**Your objective**
Reproduce, exactly and in full, only the lines below from the one containing "Lily Juliet Pink" through the one containing "金發(fā)女人聽她的MP3播放器".

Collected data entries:
▶

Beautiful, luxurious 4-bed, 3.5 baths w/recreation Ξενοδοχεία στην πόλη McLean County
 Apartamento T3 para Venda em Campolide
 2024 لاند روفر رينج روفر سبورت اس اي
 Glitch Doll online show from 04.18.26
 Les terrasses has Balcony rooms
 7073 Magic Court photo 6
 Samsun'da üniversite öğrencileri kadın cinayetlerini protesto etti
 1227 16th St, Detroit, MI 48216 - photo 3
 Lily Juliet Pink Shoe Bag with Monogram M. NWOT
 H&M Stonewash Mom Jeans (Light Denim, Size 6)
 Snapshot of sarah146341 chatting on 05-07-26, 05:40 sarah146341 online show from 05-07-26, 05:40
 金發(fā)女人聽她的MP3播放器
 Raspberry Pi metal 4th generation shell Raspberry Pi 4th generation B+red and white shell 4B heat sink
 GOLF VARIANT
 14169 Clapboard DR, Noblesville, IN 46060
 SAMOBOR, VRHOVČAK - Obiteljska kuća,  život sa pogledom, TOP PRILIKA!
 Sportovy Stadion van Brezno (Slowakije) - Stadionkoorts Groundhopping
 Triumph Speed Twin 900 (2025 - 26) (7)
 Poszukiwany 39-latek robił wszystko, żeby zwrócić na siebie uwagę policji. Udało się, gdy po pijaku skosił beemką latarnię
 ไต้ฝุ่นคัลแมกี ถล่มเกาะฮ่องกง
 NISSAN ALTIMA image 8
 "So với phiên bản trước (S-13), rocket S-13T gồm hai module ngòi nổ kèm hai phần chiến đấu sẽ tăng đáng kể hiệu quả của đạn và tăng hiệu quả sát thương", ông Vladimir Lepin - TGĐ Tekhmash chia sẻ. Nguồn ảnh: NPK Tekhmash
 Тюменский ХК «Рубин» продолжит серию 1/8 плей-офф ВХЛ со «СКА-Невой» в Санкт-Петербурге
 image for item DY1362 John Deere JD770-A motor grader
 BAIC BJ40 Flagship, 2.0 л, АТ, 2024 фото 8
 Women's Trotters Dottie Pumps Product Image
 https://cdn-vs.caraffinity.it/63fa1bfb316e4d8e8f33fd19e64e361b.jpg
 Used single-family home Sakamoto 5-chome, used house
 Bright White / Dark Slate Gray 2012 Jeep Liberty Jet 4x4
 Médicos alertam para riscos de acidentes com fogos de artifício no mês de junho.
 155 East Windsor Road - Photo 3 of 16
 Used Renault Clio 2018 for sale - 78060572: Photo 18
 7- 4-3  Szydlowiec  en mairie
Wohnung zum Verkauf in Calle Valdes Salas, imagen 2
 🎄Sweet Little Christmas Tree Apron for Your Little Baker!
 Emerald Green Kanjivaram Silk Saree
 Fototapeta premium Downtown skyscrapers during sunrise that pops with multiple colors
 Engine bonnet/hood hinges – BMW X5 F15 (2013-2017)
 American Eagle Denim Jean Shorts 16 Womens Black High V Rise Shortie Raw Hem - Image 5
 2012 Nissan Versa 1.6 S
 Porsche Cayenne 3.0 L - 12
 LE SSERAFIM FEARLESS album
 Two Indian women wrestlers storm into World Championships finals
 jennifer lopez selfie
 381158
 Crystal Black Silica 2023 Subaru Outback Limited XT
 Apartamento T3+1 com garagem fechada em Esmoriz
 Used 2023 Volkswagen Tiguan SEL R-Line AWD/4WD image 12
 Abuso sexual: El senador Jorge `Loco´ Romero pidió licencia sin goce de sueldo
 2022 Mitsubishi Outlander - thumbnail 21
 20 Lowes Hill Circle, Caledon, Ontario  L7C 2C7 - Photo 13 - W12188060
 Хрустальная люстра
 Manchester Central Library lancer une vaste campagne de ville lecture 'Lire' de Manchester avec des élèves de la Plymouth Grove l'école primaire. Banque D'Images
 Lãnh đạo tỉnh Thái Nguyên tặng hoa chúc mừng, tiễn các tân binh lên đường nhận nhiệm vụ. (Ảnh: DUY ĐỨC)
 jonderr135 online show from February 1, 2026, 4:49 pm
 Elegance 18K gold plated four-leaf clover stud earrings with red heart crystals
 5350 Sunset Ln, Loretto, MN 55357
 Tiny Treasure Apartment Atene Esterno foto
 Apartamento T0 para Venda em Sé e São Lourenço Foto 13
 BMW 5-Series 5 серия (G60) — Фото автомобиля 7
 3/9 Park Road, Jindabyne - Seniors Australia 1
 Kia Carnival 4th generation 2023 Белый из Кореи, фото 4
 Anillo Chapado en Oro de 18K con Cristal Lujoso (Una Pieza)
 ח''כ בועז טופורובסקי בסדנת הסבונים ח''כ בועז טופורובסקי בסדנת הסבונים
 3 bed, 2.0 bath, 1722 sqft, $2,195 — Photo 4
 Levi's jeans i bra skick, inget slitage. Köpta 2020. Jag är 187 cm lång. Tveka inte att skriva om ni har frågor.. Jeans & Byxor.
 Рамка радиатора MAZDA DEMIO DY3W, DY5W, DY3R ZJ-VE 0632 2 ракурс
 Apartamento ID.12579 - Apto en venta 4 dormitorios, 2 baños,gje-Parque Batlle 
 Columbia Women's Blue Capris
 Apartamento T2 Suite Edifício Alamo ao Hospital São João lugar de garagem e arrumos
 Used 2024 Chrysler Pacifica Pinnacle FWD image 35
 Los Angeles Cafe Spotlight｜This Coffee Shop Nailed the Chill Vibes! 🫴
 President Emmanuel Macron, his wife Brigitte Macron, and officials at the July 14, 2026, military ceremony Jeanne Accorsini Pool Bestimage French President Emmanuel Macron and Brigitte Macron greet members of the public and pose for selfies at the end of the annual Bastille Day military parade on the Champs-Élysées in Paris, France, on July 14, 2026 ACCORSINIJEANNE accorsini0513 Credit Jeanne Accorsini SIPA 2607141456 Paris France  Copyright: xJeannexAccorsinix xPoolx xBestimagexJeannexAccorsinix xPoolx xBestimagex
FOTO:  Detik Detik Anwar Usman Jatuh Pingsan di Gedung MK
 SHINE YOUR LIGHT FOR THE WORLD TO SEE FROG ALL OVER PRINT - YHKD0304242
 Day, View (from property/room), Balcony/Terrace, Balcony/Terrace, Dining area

◀

**Exercise result**
 Lily Juliet Pink Shoe Bag with Monogram M. NWOT
 H&M Stonewash Mom Jeans (Light Denim, Size 6)
 Snapshot of sarah146341 chatting on 05-07-26, 05:40 sarah146341 online show from 05-07-26, 05:40
 金發(fā)女人聽她的MP3播放器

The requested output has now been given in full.